Intro to CUDA
CUDA is an extension of the C language, as well as a runtime library, to facilitate general-purpose programming of NVIDIA GPUs. If you already program in C, you will probably find the syntax of CUDA programs familiar. If you are more comfortable with C++, you may consider instead using the higher-level Thrust library, which resembles the Standard Template Library and is included with CUDA.
In either case, you will probably find that because of the differences between GPU and CPU architectures, there are several new concepts you will encounter that do not arise when programming serial or threaded programs for CPUs. These are mainly to do with how CUDA uses threads and how memory is arranged on the GPU, both described in more detail below.
There are several useful documents from NVIDIA that you will want to consult as you become more proficient with CUDA:
There are also many CUDA tutorials available online:
CUDA uses a data-parallel programming model, which allows you to program at the level of what operations an individual thread performs on the data that it owns. This model works best for problems that can be expressed as a few operations that all threads apply in parallel to an array of data. CUDA allows you to define a thread-level function, then execute this function by mapping threads to the elements of your data array.
A thread-level function in CUDA is called a kernel. To launch a kernel on the GPU, you must specify a grid, and a decomposition of the grid into smaller thread blocks. A thread block usually has around 32 to 512 threads, and the grid may have many thread blocks totalling thousands of threads. The GPU uses this high thread count to help it hide the latency of memory references, which can take 100s of clock cycles.

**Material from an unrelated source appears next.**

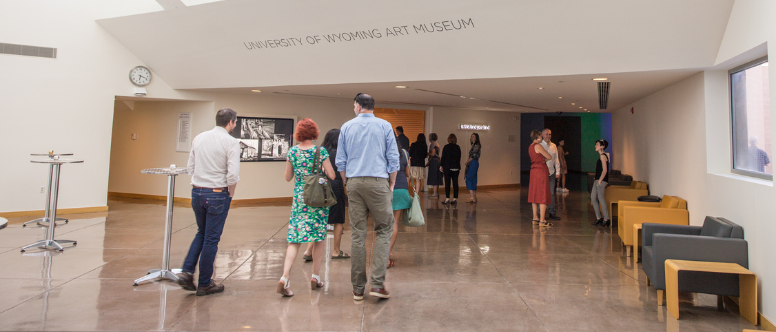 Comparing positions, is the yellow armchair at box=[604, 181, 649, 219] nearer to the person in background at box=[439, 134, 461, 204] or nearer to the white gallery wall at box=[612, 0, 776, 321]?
the white gallery wall at box=[612, 0, 776, 321]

Conceptually, it can be useful to map the grid onto the data you are processing in some meaningful way. For instance, if you have a 2D image, you can create a 2D grid where each thread in the grid corresponds to a pixel in the image. For example, you may have a 512x512 pixel image, on which you impose a grid of 512x512 threads that are subdivided into thread blocks with 8x8 threads each, for a total of 64x64 thread blocks. If your data does not allow for a clean mapping like this, you can always use a flat 1D array for the grid.
The CUDA runtime dynamically schedules the thread blocks to run on the multiprocessors of the GPU. The M2050 GPUs available on Oscar each have 14 multiprocessors. By adjusting the size of the thread block, you can control how much work is done concurrently on each multiprocessor.
The GPU has a separate memory subsystem from the CPU. The M2050 GPUs have GDDR5 memory, which is a higher bandwidth memory than the DDR2 or DDR3 memory used by the CPU. The M2050 can deliver a peak memory bandwidth of almost 150 GB/sec, while a multi-core Nehalem CPU is limited to more like 25 GB/sec.
The trade-off is that there is usually less memory available on a GPU. For instance, on the Oscar GPU nodes, each M2050 has only 3 GB of memory shared by 14 multiprocessors (219 MB per multiprocessor), while the dual quad-core Nehalem CPUs have 24 GB shared by 8 cores (3 GB per core).
Another bottleneck is transferring data between the GPU and CPU, which happens over the PCI Express bus. For a CUDA program that must process a large dataset residing in CPU memory, it may take longer to transfer that data to the GPU than to perform the actual computation. The GPU offers the largest benefit over the CPU for programs where the input data is small, or there is a large amount of computation relative to the size of the input data.
CUDA kernels can access memory from three different locations with very different latencies: global GDDR5 memory (100s of cycles), shared memory (1-2 cycles), and constant memory (1 cycle). Global memory is available to all threads across all thread blocks, and can be transferred to and from CPU memory. Shared memory can only be shared by threads within a thread block and is only accessible on the GPU. Constant memory is accessible to all threads and the CPU, but is limited in size (64KB).